Cassazione penale, Sez. 6^, sentenza n. 21292/2025, 7 marzo/6 giugno 2025, ha ritenuto che ai fini della prova della condotta di partecipazione ad associazione per delinquere finalizzata al traffico di stupefacenti, le plurime chiamate in correità possono fungere da reciproco riscontro, purché la loro convergenza valga a dimostrare non un generico “status” di appartenenza, bensì il contributo dinamico fornito dal soggetto al sodalizio.
Allorchè ricorra un delitto associativo, la condotta di partecipazione è riferibile a colui che si trovi in rapporto di stabile e organica compenetrazione con il tessuto organizzativo del sodalizio, tale da implicare, più che uno “status” di appartenenza, un ruolo dinamico e funzionale, in esplicazione del quale l’interessato “prende parte” al fenomeno associativo, rimanendo a disposizione dell’ente per il perseguimento dei comuni fini criminosi. (Sez. U, n. 33748 del 12/7/2005, Mannino, Rv. 231670; da ultimo Sez. U, n. 36958 del 27/5/2021, Modaffari, Rv. 281889).
Premesso che le convergenti chiamate in correità possono fungere da reciproco riscontro, deve precisarsi che, ove le dichiarazioni rese dai collaboranti siano del tutto generiche, limitandosi ad indicare la presunta appartenenza al sodalizio e non forniscano alcuna specificazione concreta in ordine alle condotte materialmente poste in essere dal partecipe, la verifica della loro rilevanza probatoria e l’acquisizione di riscontri esterni deve essere rigorosa.

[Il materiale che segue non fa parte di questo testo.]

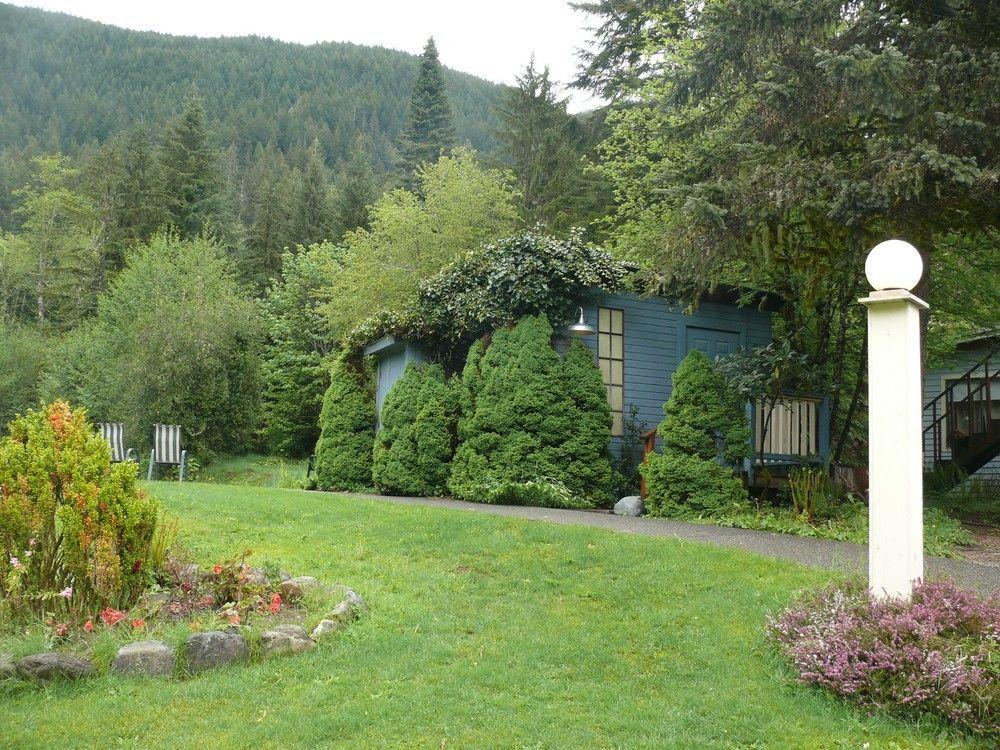 Alexander's Lodge At Mt Rainier image
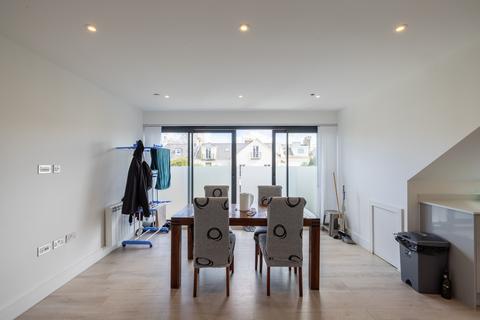2 bedroom terraced house to rent, Midvale Road, St. Helier, Jersey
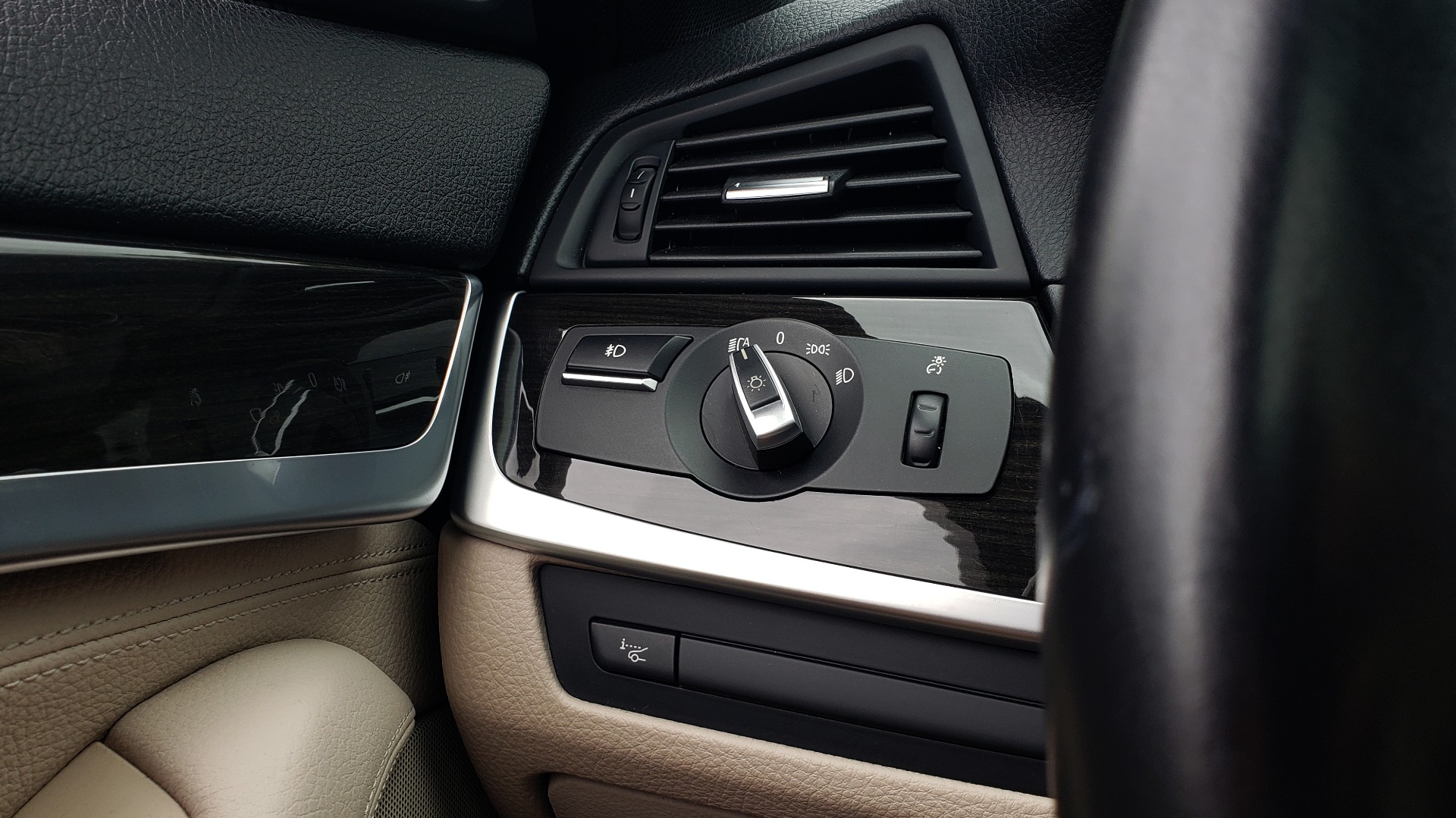 Used 2012 BMW 5 Series 550i for sale Sold at Formula Imports in Charlotte NC 28227 32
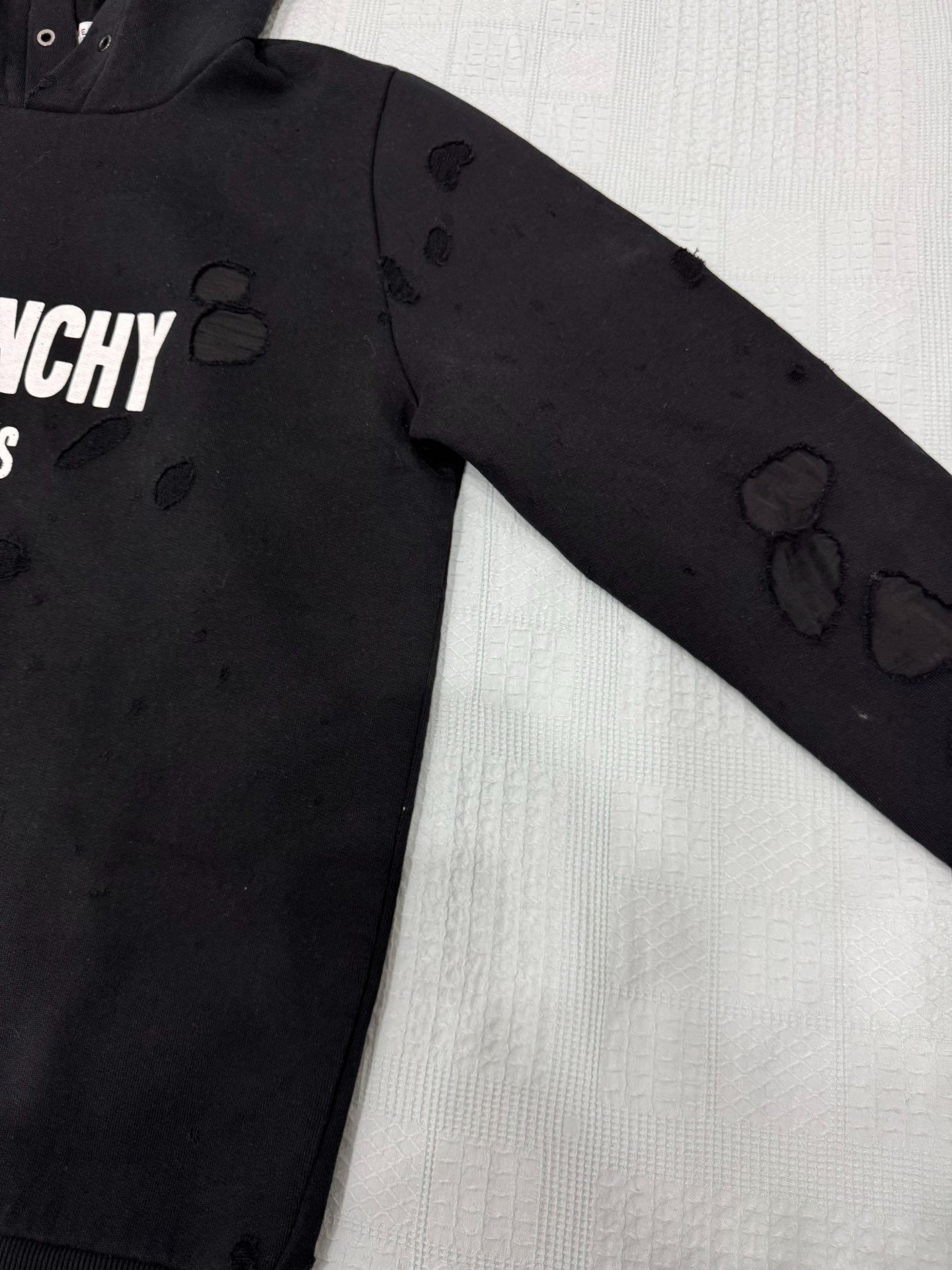 Givenchy Givenchy Black Distressed Logo Hoodie Size US XS / EU 42 / 0 - 5 Thumbnail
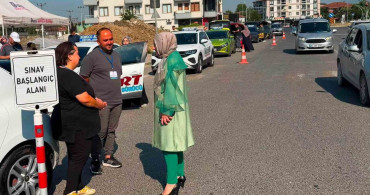 Düzce'de sürücü adayları direksiyon sınavında ter döktü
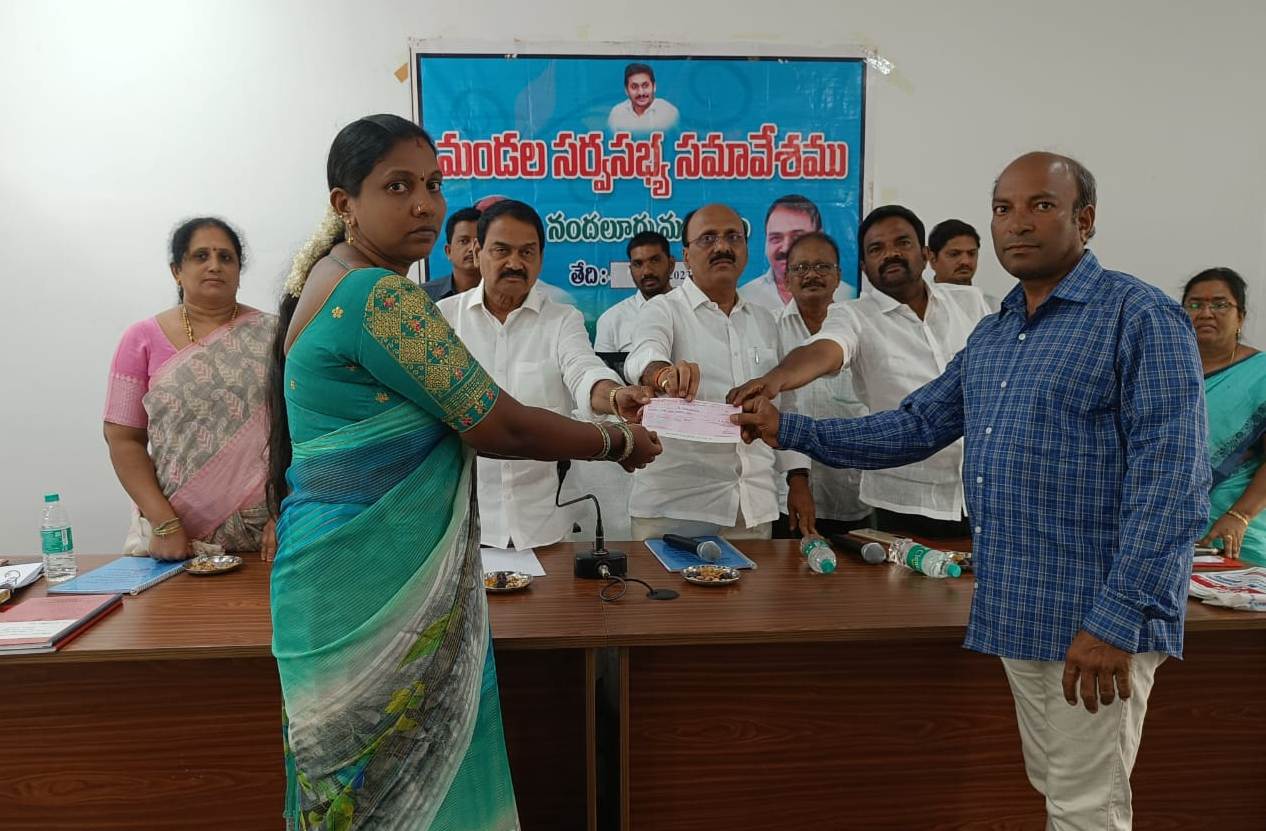 మండలాభివద్ధికి పాటుపడండి :ఎమ్మెల్యే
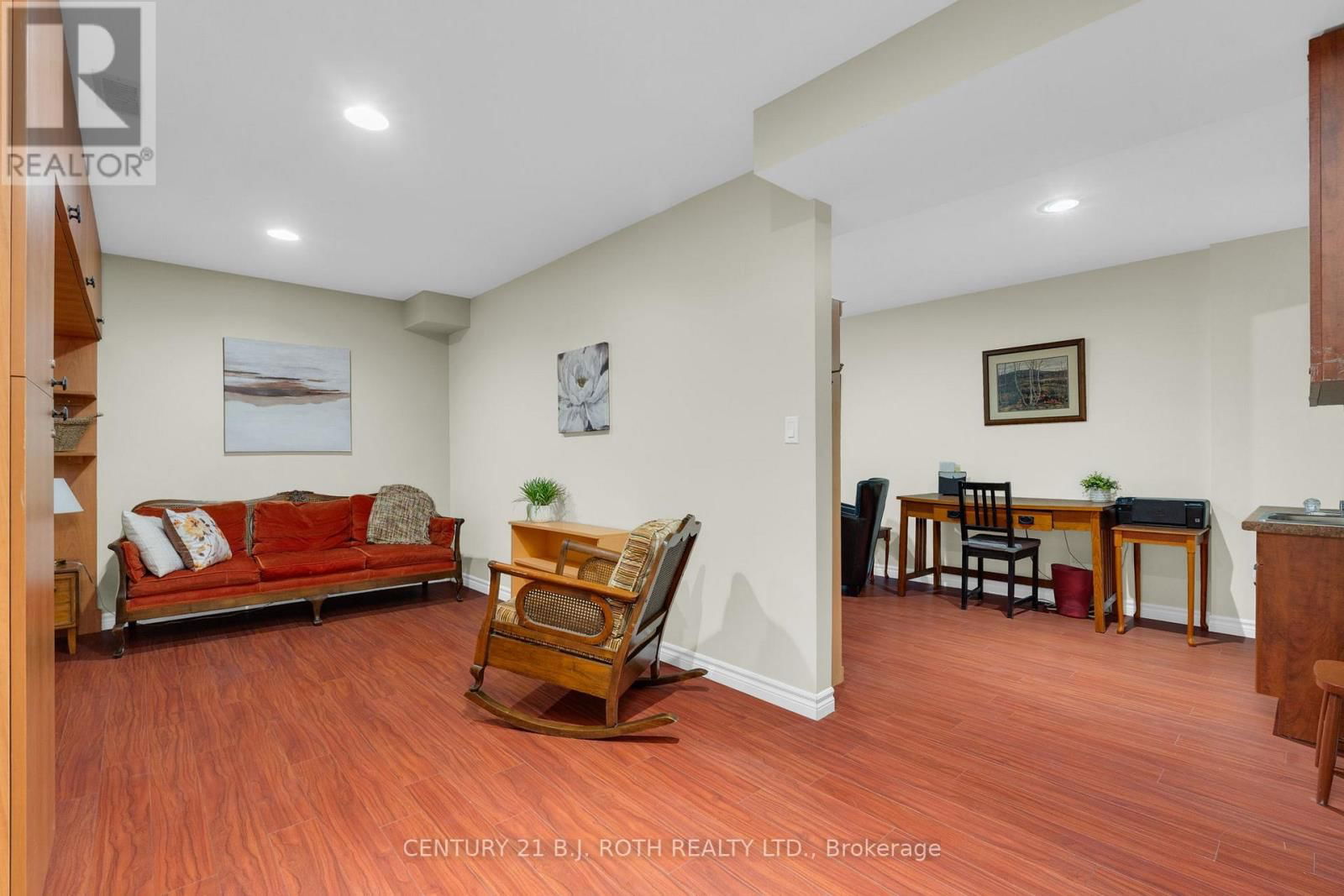 3809 EAST STREET Image 34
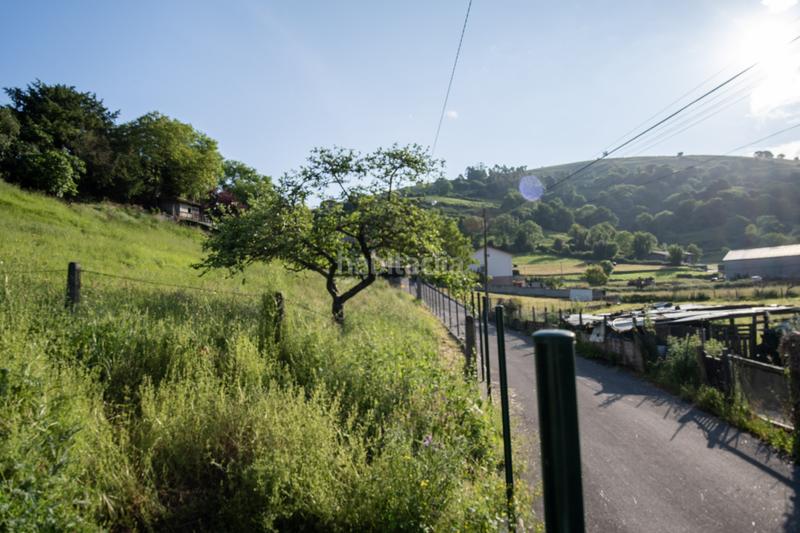 Foto b483dc5a-a949-458d-9c8b-e44e8e1a7614. Wohngrundstück in Sariego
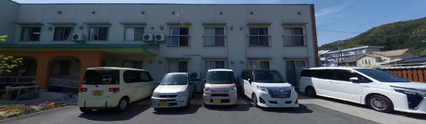 清潔な介護施設の駐車場
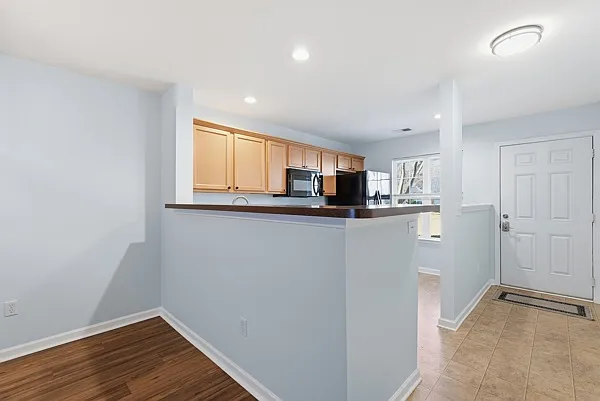 546 Candida Dr — Photo 5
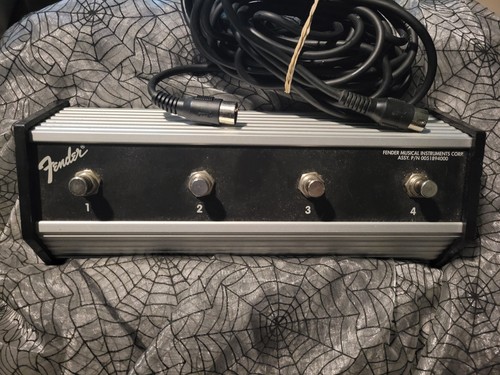 Fender button guitar amp - 4,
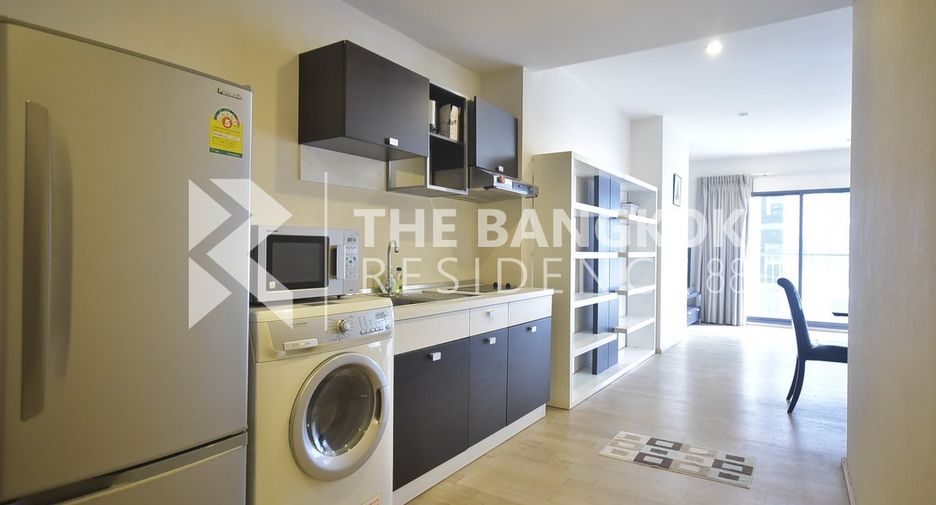For rent 1 bed condo in Khlong Toei, Bangkok
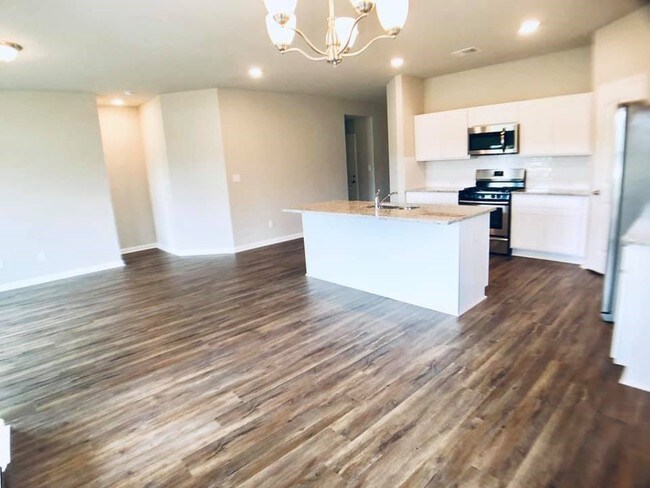 Building Photo - 44154 Covington Ridge Dr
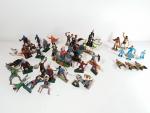 STARLUX, 30 figurines dont 23 Moyen-Age, 2 préhistoriques, 4 ...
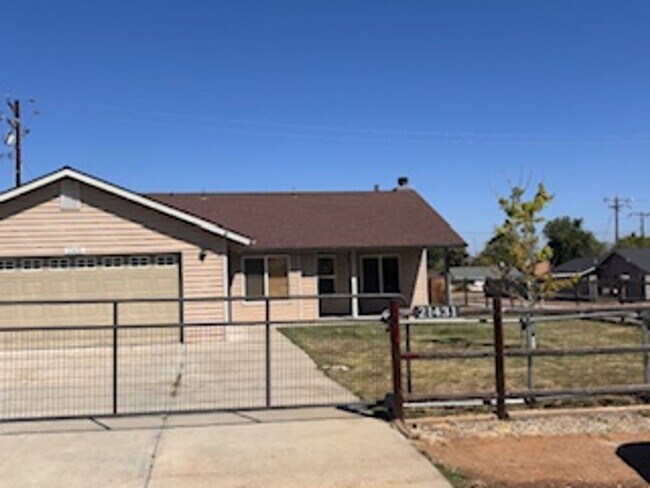 Foto del edificio - Corner lot in Golden Hills 3bdrm, 2 bath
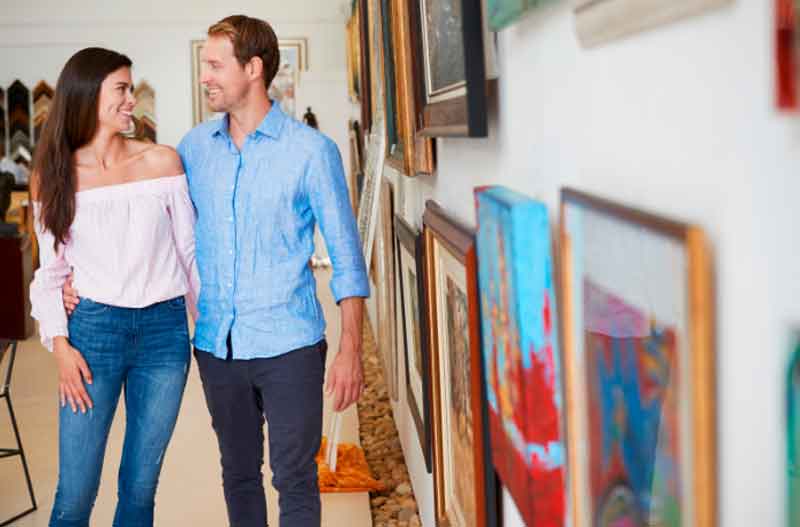 Couple visiting a gallery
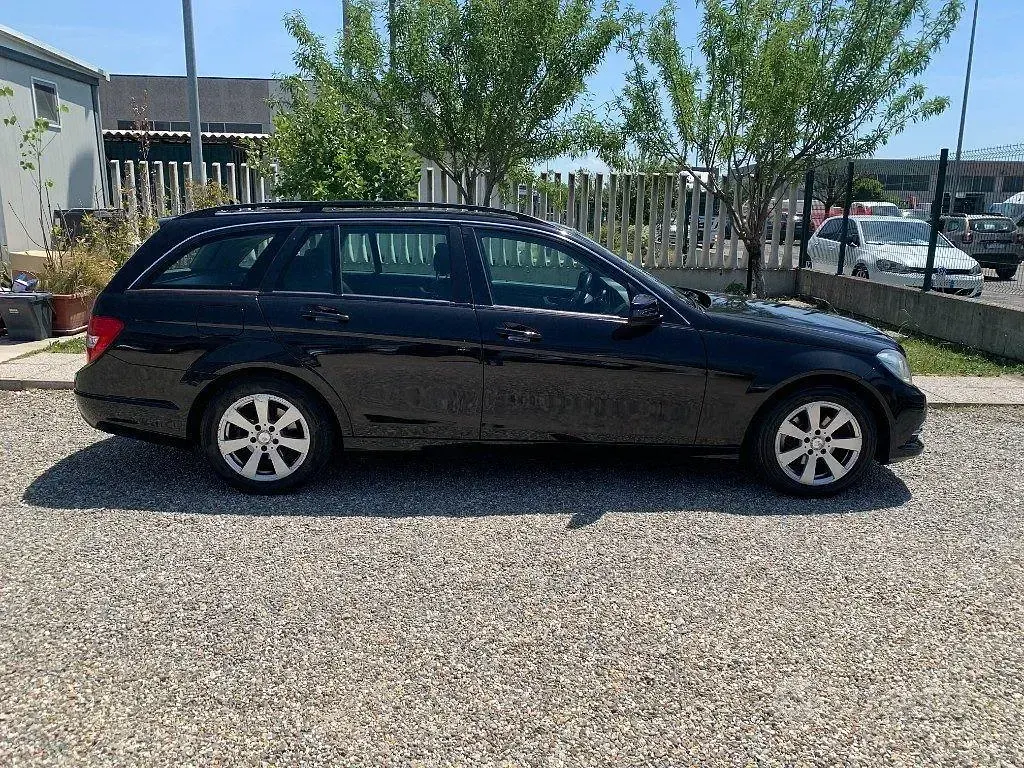 Usata Mercedes C180 120 CV (88 kW) 2014 Nero Station wagon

La convergenza delle chiamate non può, infatti, superare il deficit di accertamento in merito al contributo causale fornito dal soggetto accusato di essere partecipe dell’associazione.
In quest’ottica deve essere valorizzato il principio di diritto sopra richiamato, secondo cui la prova della partecipazione al sodalizio non può limitarsi alla dimostrazione di uno status di appartenenza, occorrendo la dimostrazione di un ruolo dinamico e funzionale.